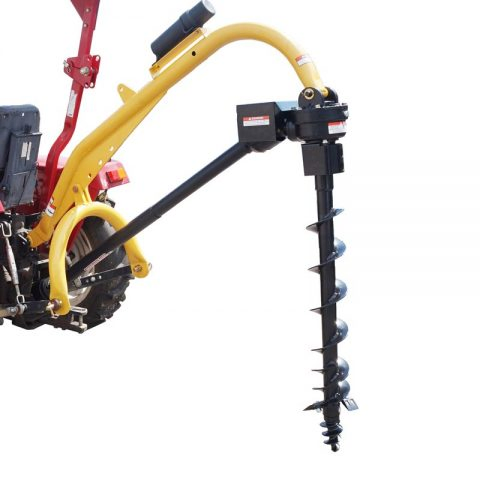 3 Point Post Hole Digger Tractor Drill Heavy Duty Tractor Post Hole Digger Earth Auger China Manufacturer Industrial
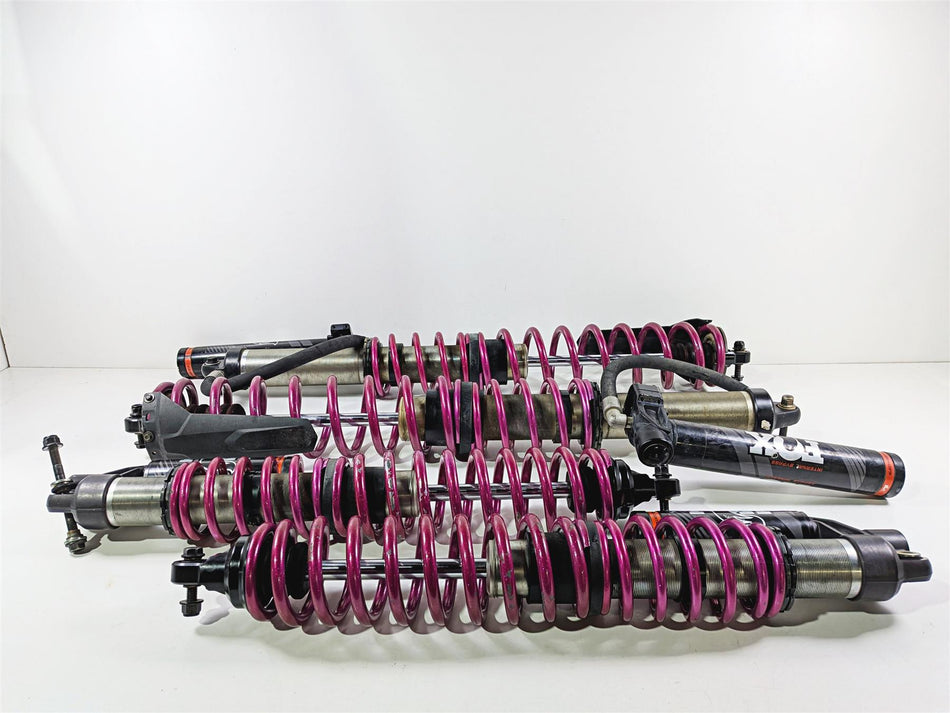 2022 Can Am Maverick X3 XRC Turbo RR 72" Fox Smart Shock Set 706002238 706202388-Mototech271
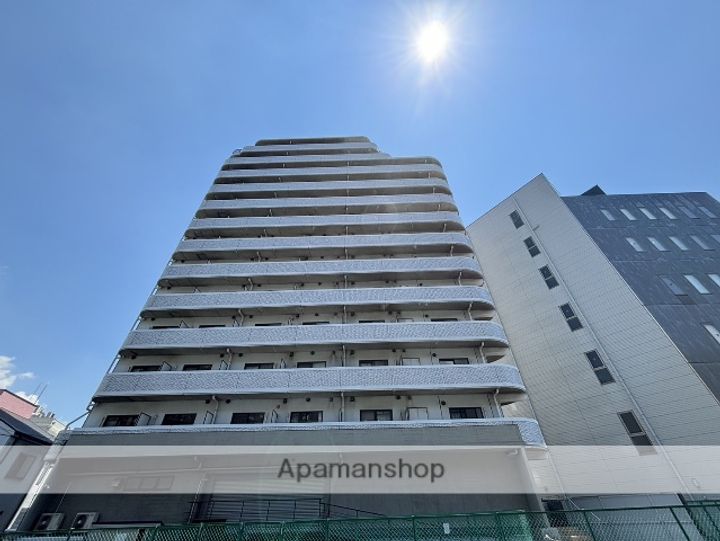 大阪府大阪市東淀川区東淡路1丁目の賃貸マンションの外観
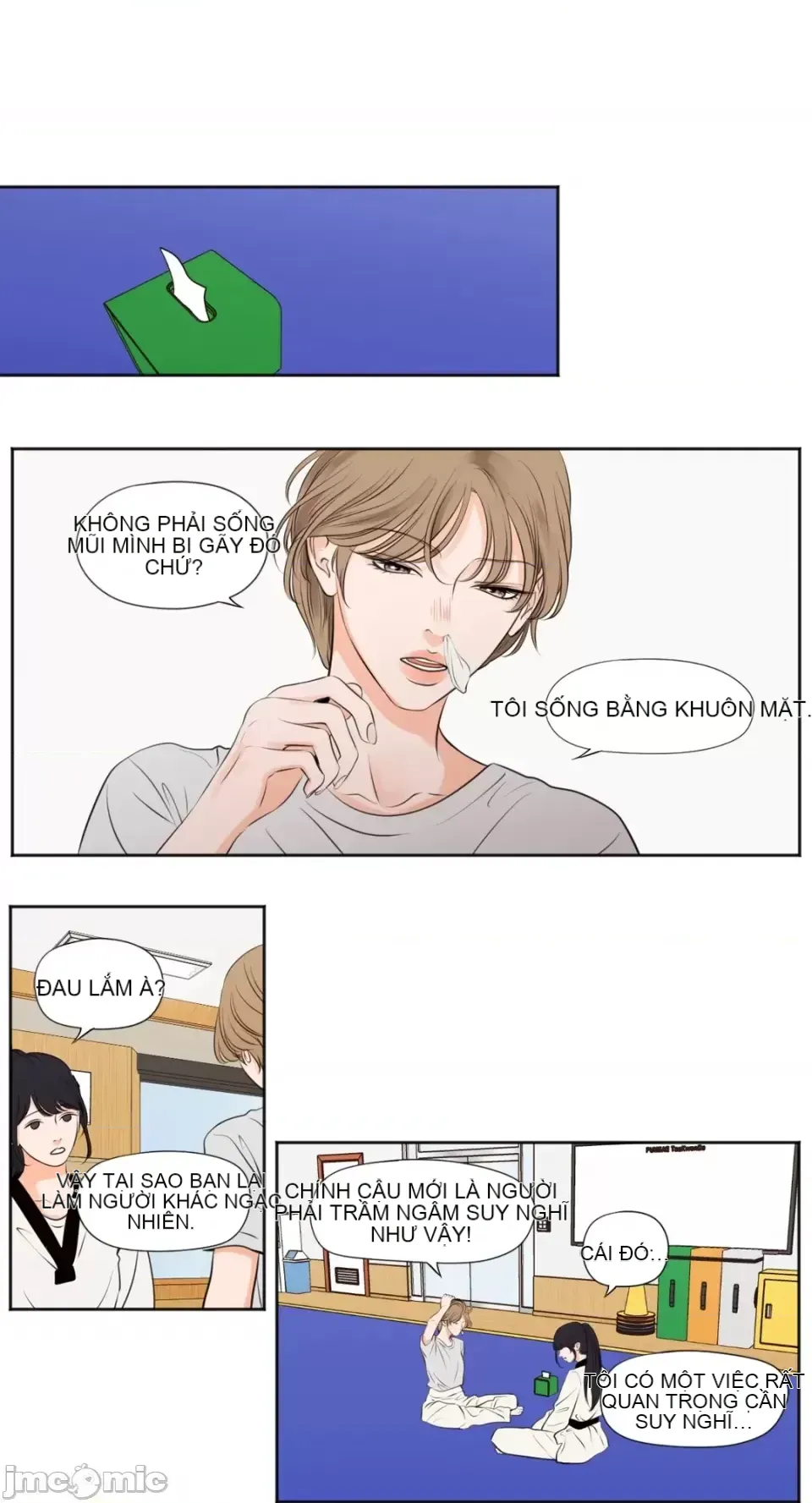 Hiển thị Me của bạn Bust Chương 1-41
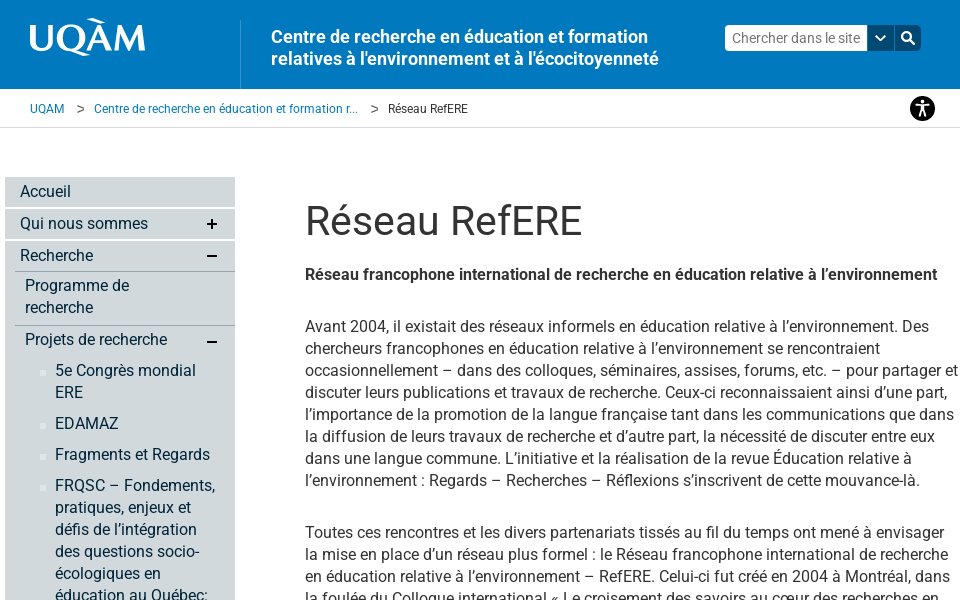 centrere.uqam.ca/archives-centr-ere/reseau-refere/ screen capture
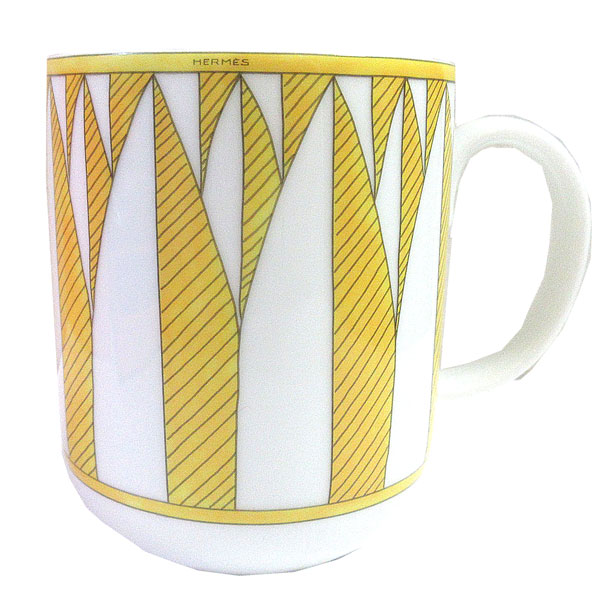 楽天市場】≪Brand new≫ HERMES Soleil d'Hermes Mug no.2 300ml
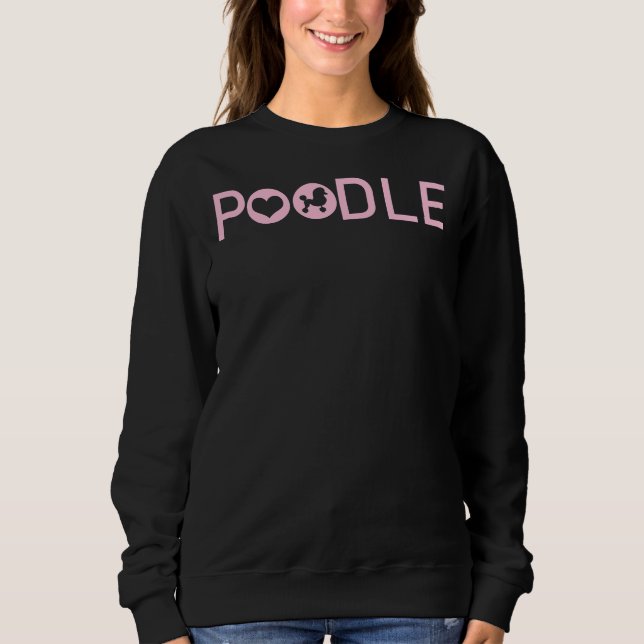 Sweatshirt Poodle T- (Devant)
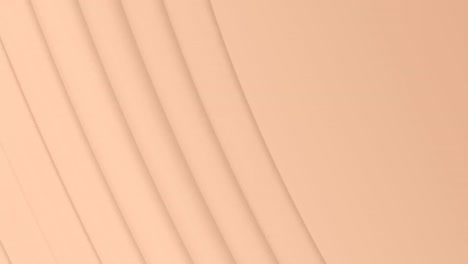 animation of beige circles moving on beige background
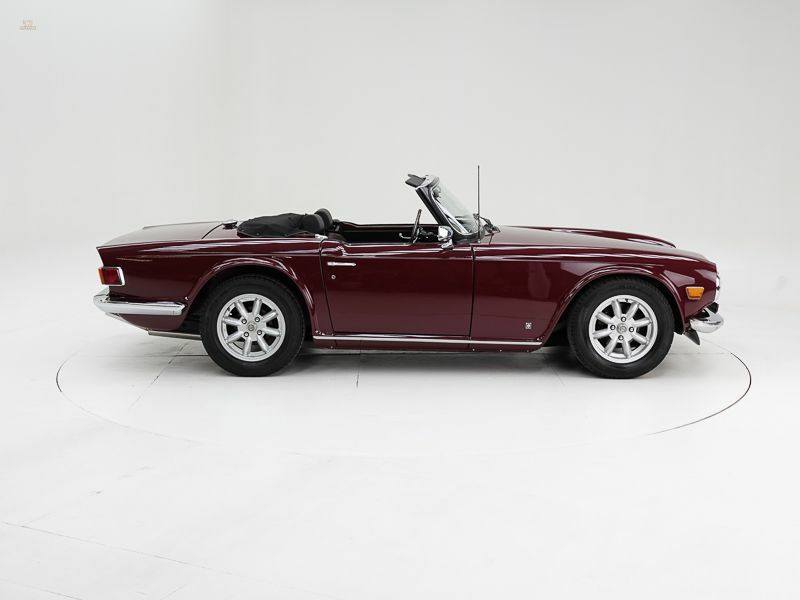 Thumbnail von Triumph TR6 + Overdrive '73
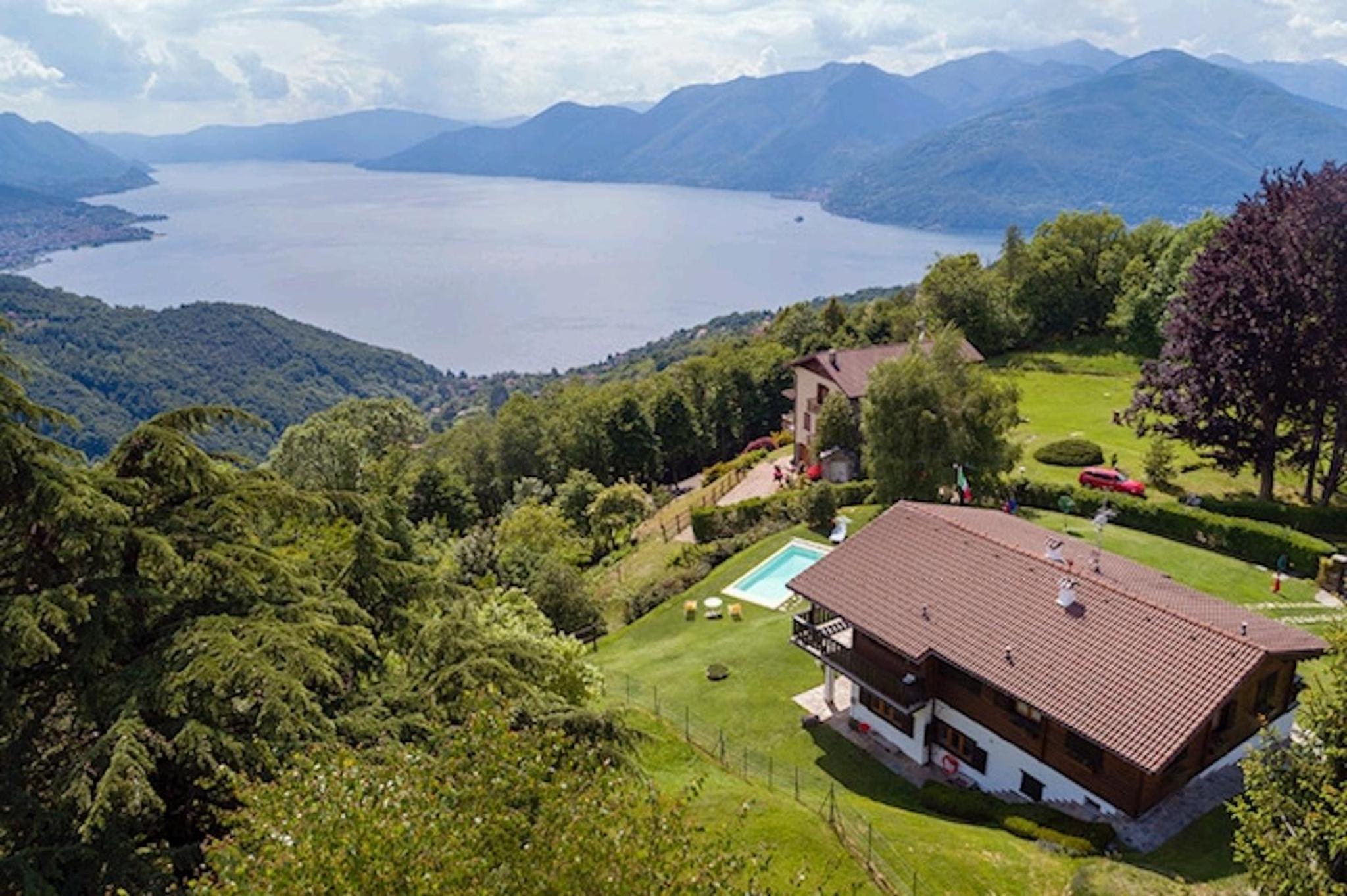 Villa Tirolese view 2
────────────────────
Task details
Retype precisely, and only, the lines from the one holding "animation of beige" through the final line of the data above, with the pictures omitted.

Exercise result
 animation of beige circles moving on beige background
 Thumbnail von Triumph TR6 + Overdrive '73
 Villa Tirolese view 2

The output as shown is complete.